Evans has been calling and emailing neighbors trying to make it a community event in anticipation of a May 11 meeting of the Snyderville Basin Special Recreation District Board that could approve plans for a new trail.
According to Rena Jordan, director of the recreation district, the planning process for the trail has been in the works since 2009, and voters approved a bond to fund new trails in 2010. If the board votes on current plans, the construction of a new paved trail along Highland Drive could begin as early as July.
Evans said she and some other neighbors feel as though the plans, which have received community input for years, are being threatened by protests from the equestrian community, most recently led by former recreation board member Dawn Bowes.
Evans said she’s been advocating either a sidewalk or a hard trail since moving to the area in 1998. She spoke with the recreation board as well as the former Summit County Commission on numerous occasions requesting better safety for pedestrians.
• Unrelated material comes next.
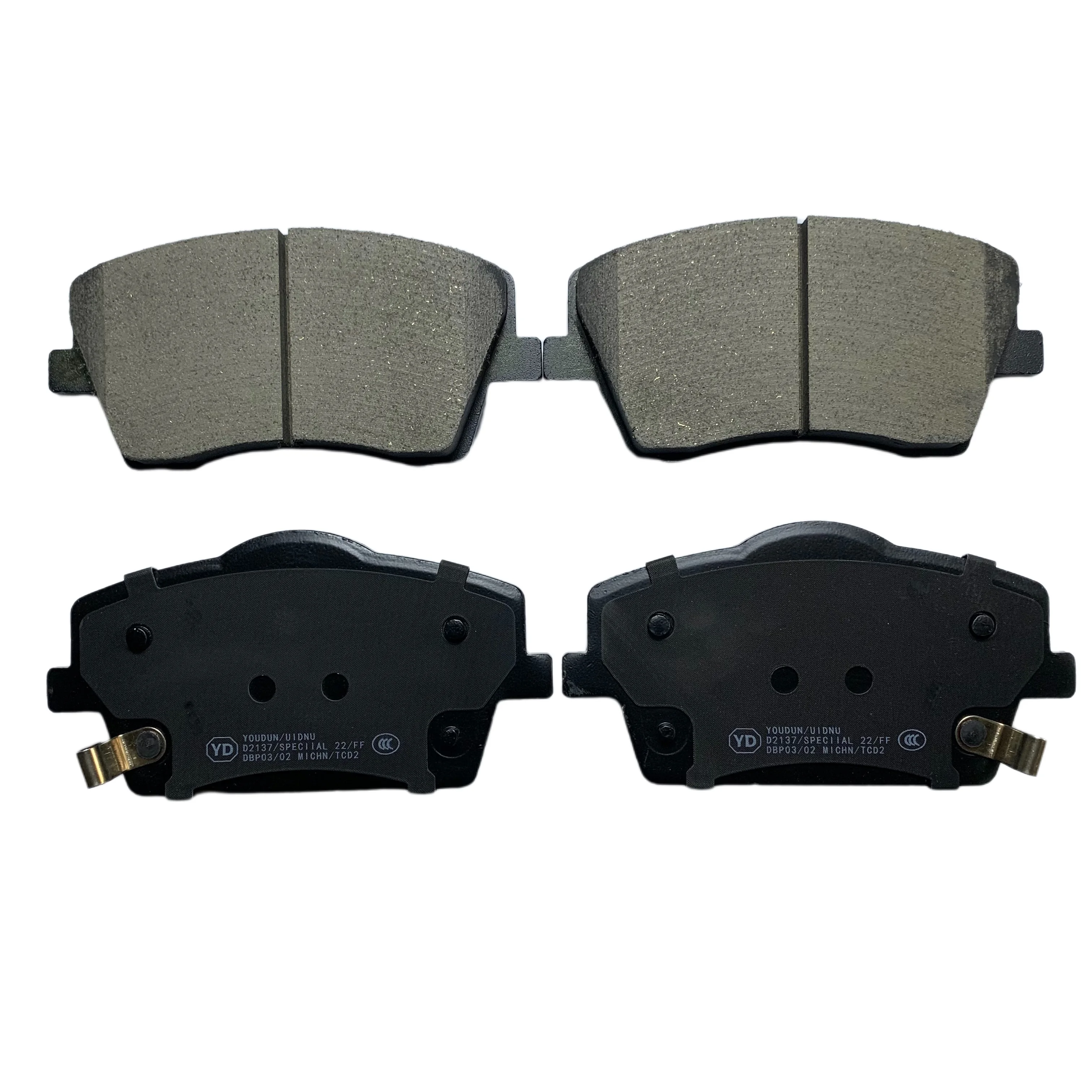 Geely tugela колодки. Geely 4048046400. Колодки передние geely emgrand ec7. 4048055500 аналоги. Тормозные колодки geely coolray.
At recreation board meetings this spring, she noticed new people attending the meetings and voicing opposition to a hard trail. She did not recognize them as residents of Highland Estates. She also did not recognize them from any of the previous community planning sessions seeking public input.
"A lot of people in my neighborhood were totally taken by surprise. It was unexpected," she said. "It’s heartbreaking because we’ve worked with so many people It’s a process that’s been going on for years and years."
Especially frustrating, Evans said, is the fact that she personally advocated for more equestrian access in previous years and didn’t have support from the horse-owning community.
Several residents in Highland Estates have an easement adjoining their backyards that Evans tried to have graded for equestrian riders. She met opposition. She attended past recreation board meetings advocating that the soft trail that goes underneath U.S. 40 be connected to the Silver Summit soft trails. No one else attended the meeting in support of the plan.
Now years of work to help residents walk, bike or skate to Trailside or Newpark is being challenged.
"We’ve spent years working with people, not against people," she said.
Evans said she doesn’t mind if a sidewalk was built instead of a paved trail, but her neighbors would prefer the trail because it will serve multiple uses.
Soft trails, preferred by equestrians, cross country skiers and joggers, cannot be plowed in winter for use as a transportation trail, which is what is needed, she said. The county does a great job with snow removal on existing paved trails.
Jordan said the recreation board on May 11 will look at "tweaks" to the design proposed by equestrian users. If everything is approved quickly, the trail should be complete by the end of October.